-------- Provided entries
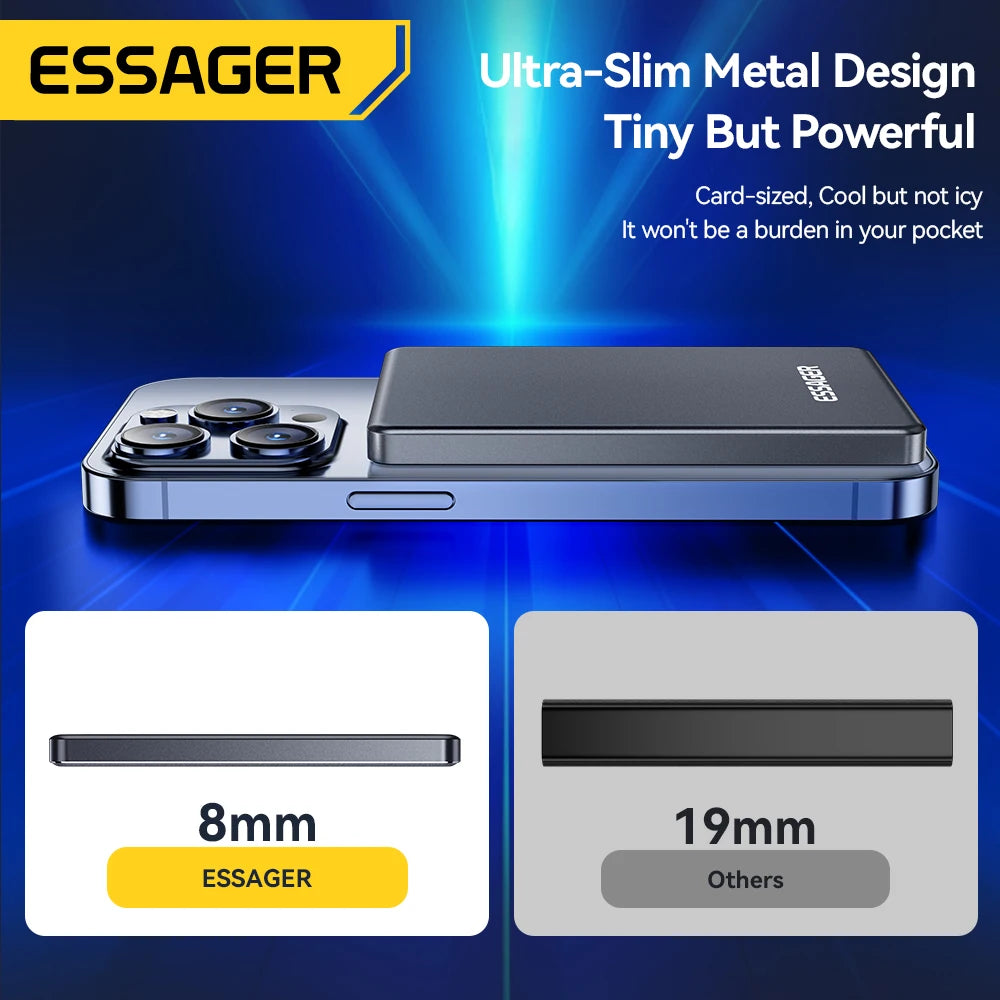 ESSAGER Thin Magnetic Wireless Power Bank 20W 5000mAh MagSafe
----------------
-------- Provided entries
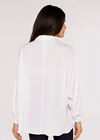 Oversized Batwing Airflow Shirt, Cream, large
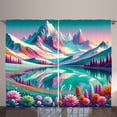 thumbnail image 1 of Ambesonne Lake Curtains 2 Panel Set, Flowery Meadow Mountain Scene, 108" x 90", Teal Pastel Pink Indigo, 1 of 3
----------------
-------- Provided entries
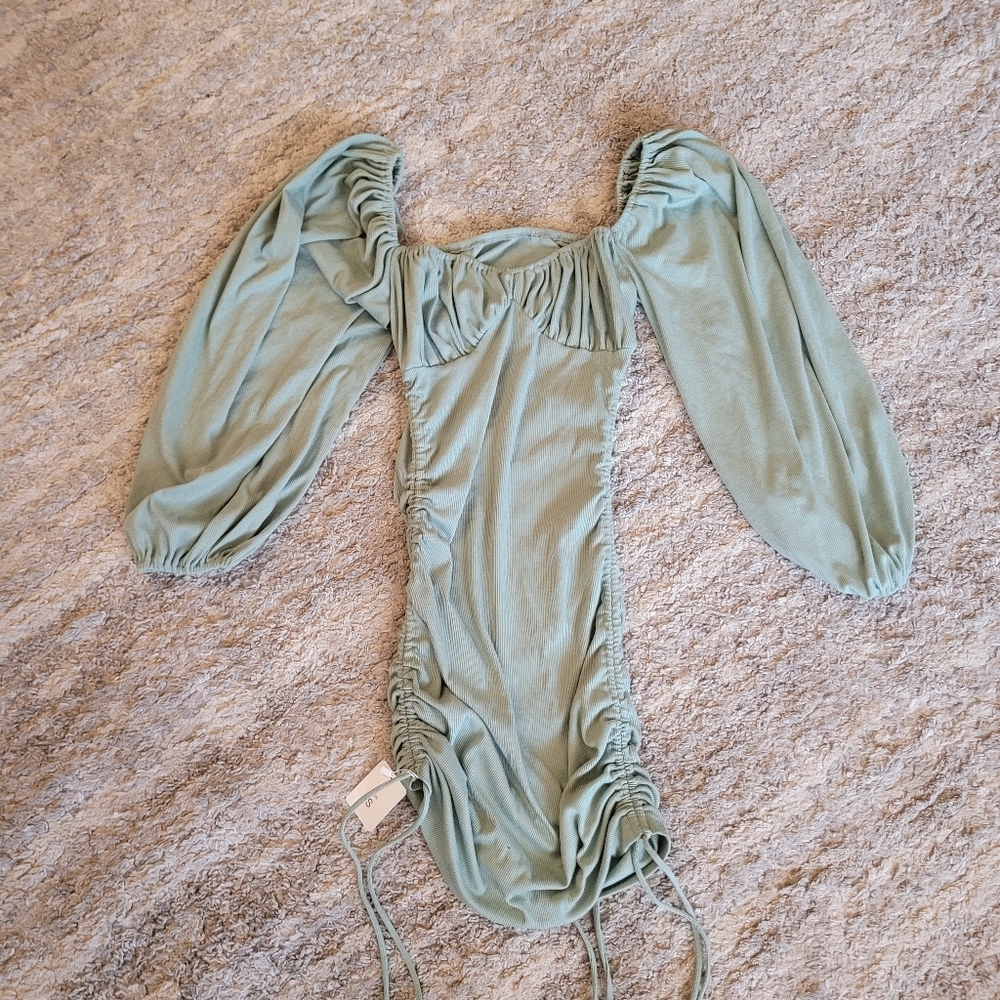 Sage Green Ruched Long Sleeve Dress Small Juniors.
----------------
Reproduce the records above exactly, but only from the line with "Oversized Batwing Airflow" up to and including the line with "thumbnail image 1". Leave the pictures out.

 Oversized Batwing Airflow Shirt, Cream, large
 thumbnail image 1 of Ambesonne Lake Curtains 2 Panel Set, Flowery Meadow Mountain Scene, 108" x 90", Teal Pastel Pink Indigo, 1 of 3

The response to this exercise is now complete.